To improve accuracy and ease development, IE software is usually domain or topic specific. An IE system designed to monitor technical articles about Information Science, for example, could pull out the names of professors, research studies, topics of in- terest, conferences, forthcoming publications from press releases, news stories, or emails and encode this information in a database. End-users can then search across this database by textual attribute or feature. A typical search could be for all forthcoming publications about information retrieval or to locate all conference presentations on a specific information science topic. In addition, the structured information contained within a database could be ordered into a taxonomy.

DIFFERENCES BETWEEN IE AND IR

Information extraction software requires that end-users specify in advance the categories of information they want to capture from a text. For instance, a system devoted to scanning financial news stories could extract all company names, interest rate changes, SEC announcements, or stock market quotes from texts. Because the parameters that define a particular topic are determined a priori, IE systems are fully customizable. IR and IE are different, but complementary. Together they create powerful new tools for accessing and organizing information stored on Web servers.

DIFFICULTIES OF INFORMATION RETRIEVAL AND EXTRACTION

In addition to synonymy and homonymy, IE also must contend with co-reference recognition. Co-reference recognition determines when an expression, such as pronouns like "he," "she," or "it" and noun phrases like "the company," refers to the same thing in a sentence. For IE to work correctly, various entities within documents (locations, people, places, events) must be identified within a block of text. Information extraction involves discourse analysis, and co-reference recognition refers to an entity introduced earlier in specific dis- course [3]. In the following example, co-reference recognition would disambiguate the personal pronouns in the third sentence: "Barbara is a professional chef. Lael likes to make desserts. She made a birthday cake for her." The Web is filled with such terse and abbreviated communications.

NATURAL LANGUAGE PROCESSING

All participants in the MUCs develop software systems that extract information from texts composed of everyday speech. Participants develop software to perform a pre-determined IE task and then convene to compare notes. Conference organizers determine the topic of study–past MUCs have analyzed news releases about terrorist activities in Latin America, corporate joint ventures, company management changes, and microelectronics.

Formally evaluating NLP information extraction software requires compiling a corpus of texts and manually creating an answer key. Texts are run through an IE software system and a template of answers is produced. This template is then measured against an answer key that specifies what information should be extracted from a text [4]. Each software system fills empty template slots with appropriate values derived from the test documents.

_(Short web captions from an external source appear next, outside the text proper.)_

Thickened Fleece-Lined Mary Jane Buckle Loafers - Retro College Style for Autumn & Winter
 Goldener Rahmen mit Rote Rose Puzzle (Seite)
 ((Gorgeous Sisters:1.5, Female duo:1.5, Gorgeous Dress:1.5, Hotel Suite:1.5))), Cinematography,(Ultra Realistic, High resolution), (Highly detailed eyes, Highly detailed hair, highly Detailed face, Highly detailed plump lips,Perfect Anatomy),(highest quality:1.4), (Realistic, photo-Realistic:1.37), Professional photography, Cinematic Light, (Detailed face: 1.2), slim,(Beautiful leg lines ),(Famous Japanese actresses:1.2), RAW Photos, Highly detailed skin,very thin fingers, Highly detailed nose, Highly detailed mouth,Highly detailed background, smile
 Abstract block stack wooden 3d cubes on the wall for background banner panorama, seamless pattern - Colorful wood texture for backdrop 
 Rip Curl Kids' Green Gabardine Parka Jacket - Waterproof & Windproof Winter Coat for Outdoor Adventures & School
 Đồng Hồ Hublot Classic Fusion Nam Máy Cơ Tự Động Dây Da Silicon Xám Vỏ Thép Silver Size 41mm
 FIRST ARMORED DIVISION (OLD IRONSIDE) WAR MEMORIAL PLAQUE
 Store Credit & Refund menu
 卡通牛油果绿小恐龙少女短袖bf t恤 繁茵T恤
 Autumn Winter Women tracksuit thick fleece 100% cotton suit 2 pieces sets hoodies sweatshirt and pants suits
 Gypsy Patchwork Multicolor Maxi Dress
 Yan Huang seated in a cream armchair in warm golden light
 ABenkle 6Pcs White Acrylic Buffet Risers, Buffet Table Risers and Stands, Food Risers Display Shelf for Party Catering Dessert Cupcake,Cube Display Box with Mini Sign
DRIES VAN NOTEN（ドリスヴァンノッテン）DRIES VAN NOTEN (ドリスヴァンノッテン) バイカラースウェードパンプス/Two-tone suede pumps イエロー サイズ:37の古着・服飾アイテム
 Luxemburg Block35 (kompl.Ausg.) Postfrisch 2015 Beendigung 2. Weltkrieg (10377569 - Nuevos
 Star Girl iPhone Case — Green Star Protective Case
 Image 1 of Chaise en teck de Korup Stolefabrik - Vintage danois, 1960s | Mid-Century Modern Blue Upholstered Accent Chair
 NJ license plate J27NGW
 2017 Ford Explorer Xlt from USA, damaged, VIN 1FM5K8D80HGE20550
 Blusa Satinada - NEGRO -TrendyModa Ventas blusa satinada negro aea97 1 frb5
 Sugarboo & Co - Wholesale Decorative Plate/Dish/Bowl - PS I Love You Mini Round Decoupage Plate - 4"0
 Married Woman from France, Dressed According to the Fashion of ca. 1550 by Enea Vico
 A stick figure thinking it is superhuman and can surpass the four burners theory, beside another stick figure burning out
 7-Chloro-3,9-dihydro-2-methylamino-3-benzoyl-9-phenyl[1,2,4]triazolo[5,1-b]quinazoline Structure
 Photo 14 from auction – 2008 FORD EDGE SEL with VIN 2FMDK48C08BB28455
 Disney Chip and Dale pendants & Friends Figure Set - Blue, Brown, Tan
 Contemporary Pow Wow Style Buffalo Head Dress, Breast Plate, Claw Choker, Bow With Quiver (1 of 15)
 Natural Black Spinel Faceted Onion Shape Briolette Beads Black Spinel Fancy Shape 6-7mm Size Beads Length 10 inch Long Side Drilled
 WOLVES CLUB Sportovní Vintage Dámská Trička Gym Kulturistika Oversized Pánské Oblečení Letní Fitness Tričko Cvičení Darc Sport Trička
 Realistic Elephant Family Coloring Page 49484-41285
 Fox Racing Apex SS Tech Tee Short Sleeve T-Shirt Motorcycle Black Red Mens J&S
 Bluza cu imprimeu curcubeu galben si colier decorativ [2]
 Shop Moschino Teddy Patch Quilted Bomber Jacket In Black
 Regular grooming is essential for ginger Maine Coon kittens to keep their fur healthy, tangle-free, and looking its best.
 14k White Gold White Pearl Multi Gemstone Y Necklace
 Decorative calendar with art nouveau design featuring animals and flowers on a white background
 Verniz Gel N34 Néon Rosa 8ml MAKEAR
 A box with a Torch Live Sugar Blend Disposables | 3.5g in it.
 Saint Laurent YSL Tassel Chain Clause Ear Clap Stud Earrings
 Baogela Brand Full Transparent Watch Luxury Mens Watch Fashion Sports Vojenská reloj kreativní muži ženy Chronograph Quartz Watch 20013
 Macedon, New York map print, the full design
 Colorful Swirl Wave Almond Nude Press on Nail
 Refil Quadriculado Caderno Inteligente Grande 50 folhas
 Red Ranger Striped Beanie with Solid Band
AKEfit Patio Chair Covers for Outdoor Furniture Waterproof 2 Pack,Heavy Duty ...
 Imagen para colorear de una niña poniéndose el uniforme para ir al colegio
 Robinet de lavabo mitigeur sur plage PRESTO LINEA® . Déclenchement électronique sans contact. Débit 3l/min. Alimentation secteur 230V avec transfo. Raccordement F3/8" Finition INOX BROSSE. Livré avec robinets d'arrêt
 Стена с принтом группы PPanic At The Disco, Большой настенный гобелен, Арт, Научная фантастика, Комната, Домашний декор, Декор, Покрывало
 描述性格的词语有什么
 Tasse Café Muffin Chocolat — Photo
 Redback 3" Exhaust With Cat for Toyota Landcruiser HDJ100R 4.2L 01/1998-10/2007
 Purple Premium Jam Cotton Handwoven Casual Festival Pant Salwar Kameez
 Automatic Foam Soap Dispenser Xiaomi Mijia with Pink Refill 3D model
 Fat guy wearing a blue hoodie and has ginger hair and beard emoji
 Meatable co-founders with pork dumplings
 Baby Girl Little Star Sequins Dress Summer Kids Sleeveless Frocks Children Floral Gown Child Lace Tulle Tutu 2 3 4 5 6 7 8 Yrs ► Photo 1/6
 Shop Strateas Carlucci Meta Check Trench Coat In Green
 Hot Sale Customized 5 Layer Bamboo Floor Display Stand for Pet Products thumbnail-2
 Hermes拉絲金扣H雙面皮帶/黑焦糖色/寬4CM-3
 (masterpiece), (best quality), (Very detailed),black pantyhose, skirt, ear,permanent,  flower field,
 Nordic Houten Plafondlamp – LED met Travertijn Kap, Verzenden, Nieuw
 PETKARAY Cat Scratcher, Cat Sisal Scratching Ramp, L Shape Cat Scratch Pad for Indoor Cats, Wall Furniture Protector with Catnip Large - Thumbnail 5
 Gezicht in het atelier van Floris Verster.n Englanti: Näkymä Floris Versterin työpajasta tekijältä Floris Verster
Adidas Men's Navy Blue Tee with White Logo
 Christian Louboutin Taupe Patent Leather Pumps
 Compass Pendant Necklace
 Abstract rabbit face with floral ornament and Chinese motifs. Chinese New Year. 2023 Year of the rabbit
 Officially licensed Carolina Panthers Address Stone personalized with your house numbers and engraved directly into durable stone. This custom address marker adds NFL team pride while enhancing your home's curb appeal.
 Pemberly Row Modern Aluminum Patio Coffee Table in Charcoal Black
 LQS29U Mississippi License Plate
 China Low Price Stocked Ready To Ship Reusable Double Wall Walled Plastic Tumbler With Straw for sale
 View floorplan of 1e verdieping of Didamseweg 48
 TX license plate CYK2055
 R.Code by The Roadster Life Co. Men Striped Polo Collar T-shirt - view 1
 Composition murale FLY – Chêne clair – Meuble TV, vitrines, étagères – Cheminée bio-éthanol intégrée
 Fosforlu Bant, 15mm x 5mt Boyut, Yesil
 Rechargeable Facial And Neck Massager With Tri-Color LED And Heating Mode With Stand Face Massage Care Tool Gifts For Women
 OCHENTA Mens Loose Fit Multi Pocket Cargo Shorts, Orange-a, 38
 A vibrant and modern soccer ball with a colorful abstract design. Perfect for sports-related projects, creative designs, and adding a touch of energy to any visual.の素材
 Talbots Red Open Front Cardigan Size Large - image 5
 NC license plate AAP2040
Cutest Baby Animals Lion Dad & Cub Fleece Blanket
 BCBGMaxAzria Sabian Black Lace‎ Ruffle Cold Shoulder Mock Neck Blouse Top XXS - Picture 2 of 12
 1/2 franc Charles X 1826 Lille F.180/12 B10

Natural language processing is a complex task and involves many steps. The text is divided into sentences and each sentence is tagged according to its part of speech (verb, adverb, noun). This syntactic structure is matched to pre-existing linguistic patterns and relevant content is determined. Semantic content (or a text's meaning) is determined via syntactic patterns. Then, information is extracted and a summary is produced.

EVALUATION METRICS

When evaluating test results for NLP systems, it's instructive to consider human performance as a point of comparison. When humans perform information extraction tasks they tend to fall short of perfect performance for a number of reasons. Boredom, time constraints, and an inadequate subject background can contribute to less than stellar precision and recall. In studies, human workers tested on 120 documents performed at 79% recall and with 82% precision [5]. NLP systems often score in the mid-50s on both precision and recall [6]. While humans can outperform most machine-driven extractions, they cannot beat software in terms of speed and scalability.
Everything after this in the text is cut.